Fair Peril

by Nancy Springer
Avon, tpb, 246 pages, $12.00
ISBN: 0-380-78413-0

Nancy Springer is coming off of two terrific books, Larque on the Wing and Metal Angel, so I had high expectations for Fair Peril. Thematically, the book is very similar to the preceding pair, built around a middle-aged parent estranged from his or her family, who is forced to reexamine life after becoming involved with (and in the cases of Larque and Fair Peril, causing) supernatural happenings. All three novels are about family, love, and the relationship between childhood and adulthood. All three have strong homoerotic elements. Unfortunately, Fair Peril doesn’t measure up to either of the novels that preceded it.


The novel is built around fairy tale tropes. Buffy is a would-be professional storyteller, divorced for a year from her lawyer/politician ex-husband, who she has refused to accept any money from (and who has remarried a blond named Tempestt).

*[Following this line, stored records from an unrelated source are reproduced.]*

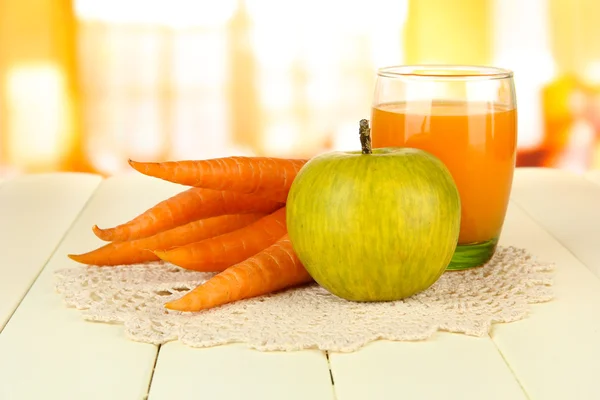 Tas de carottes et pomme verte, verre de jus, sur la table en bois de couleur sur fond lumineux — Photo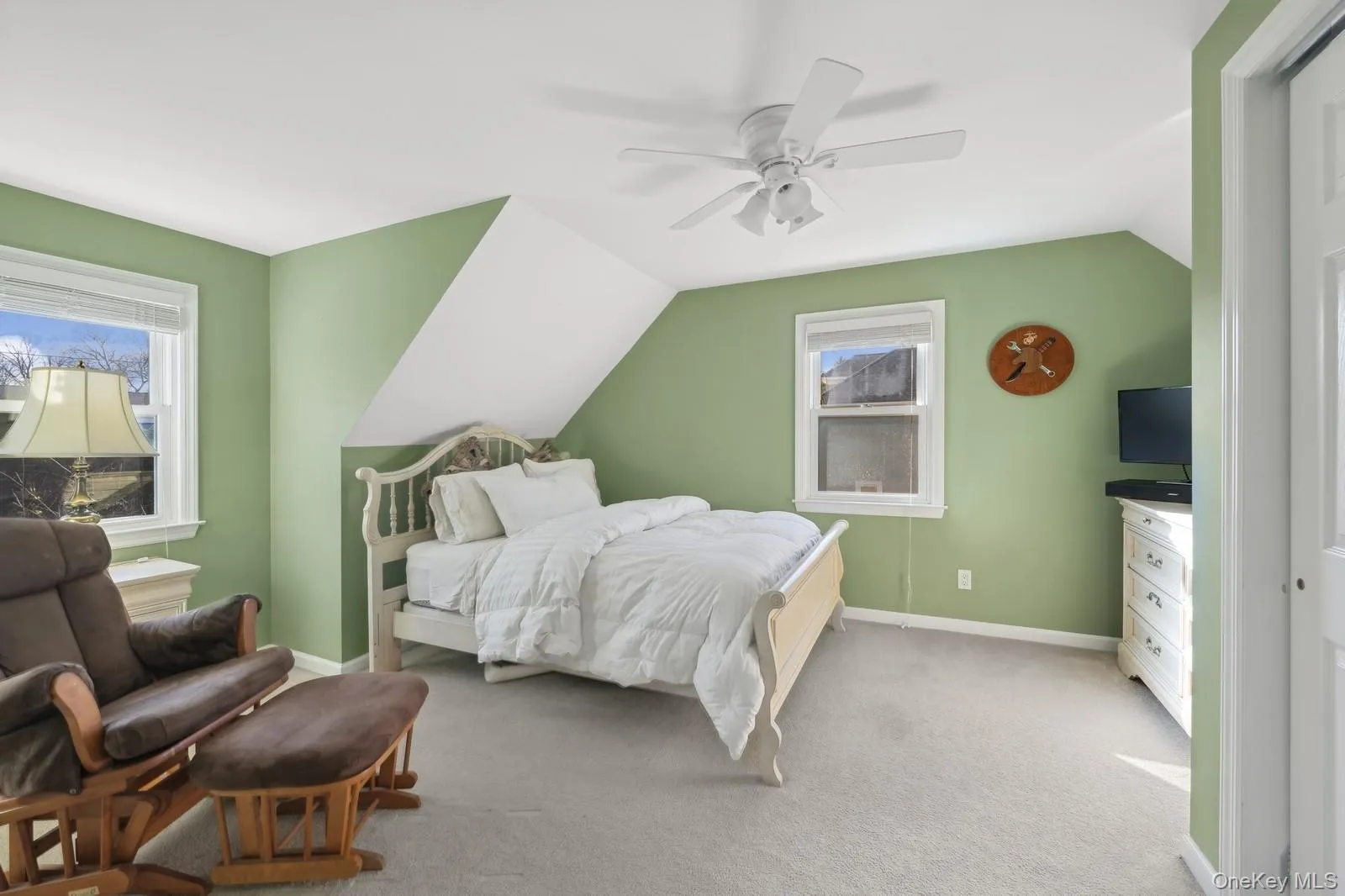 Carpeted bedroom featuring a closet, ceiling fan, and lofted ceiling Carpeted bedroom featuring a closet, ceiling fan, and lofted ceiling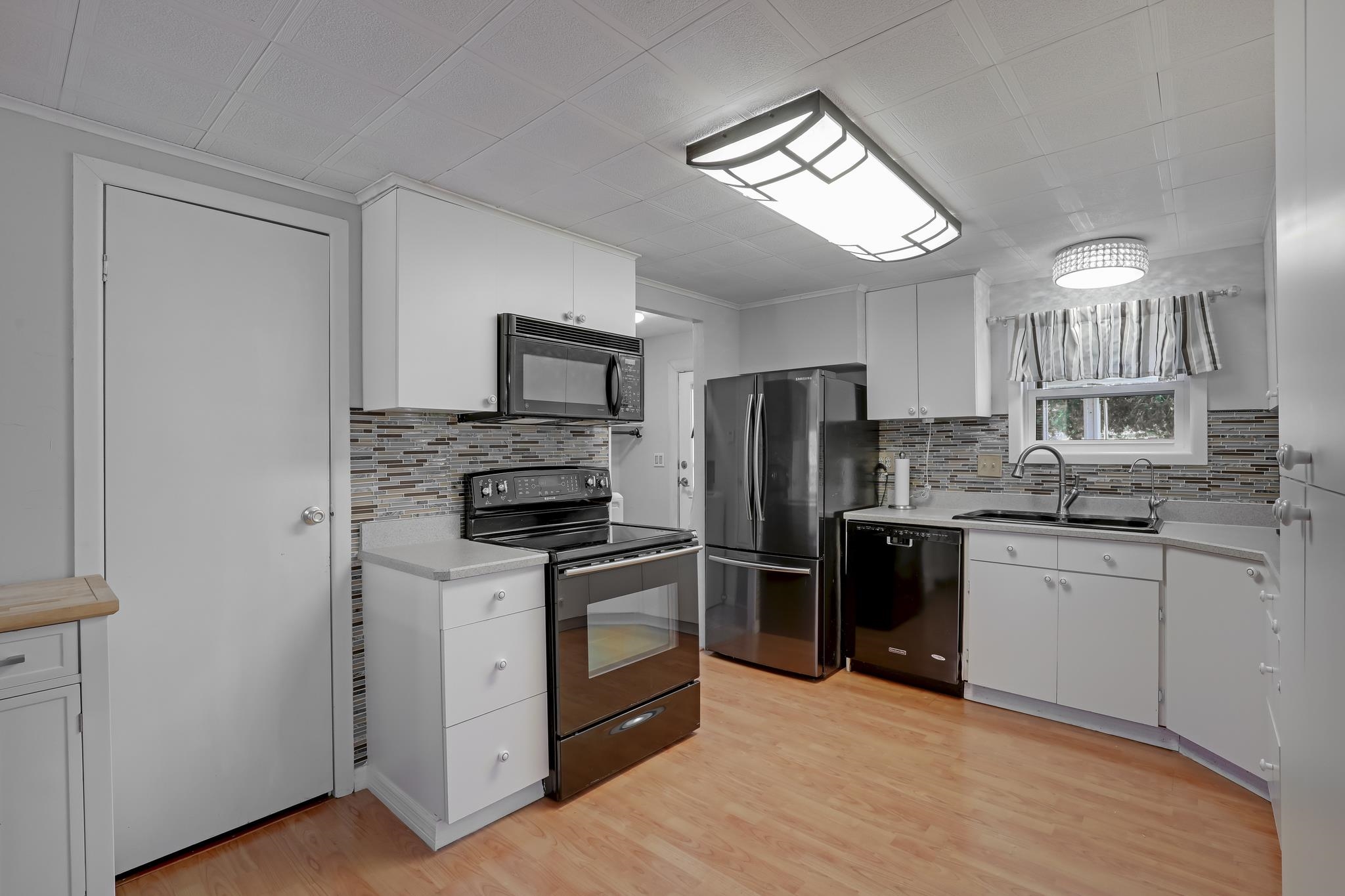 6901 Catlett Road St. Augustine, FL 32095 - Photo 4 of 74 Kitchen featuring white cabinets, black appliances, light wood-type flooring, crown molding, and decorative backsplash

Her sixteen-year-old youngest daughter lives with her father, and her Alzheimer’s-stricken mother is in a nursing home. While wandering through a park, Buffy comes across a talking frog, who claims to be a prince and asks her to kiss him. Buffy takes him home, but refuses to kiss him–she decides she doesn’t need another male in her life telling her what to do.

Her daughter the metaphorical princess, however, has no such compunctions, and soon runs away to the mall with a strikingly-handsome, entirely naked prince. From this point, the novel grows murkier, alternating between the land of the fairy queen, the mall, the lunatic asylum, and a number of other places. There are too many characters for such a small novel, giving it an unfocused, jumpy quality that interferes with the fairy tale storytelling quality that Springer achieves only intermittently. Most of the characters work well–my favorites are the insensitive, uncooperative fairy godmother-in-law and the gay multiply-body-pierced librarian, whose magical abilities are shown but never explored–but there isn’t enough book to fit them all.

First appeared in Absolute Magnitude, 1996.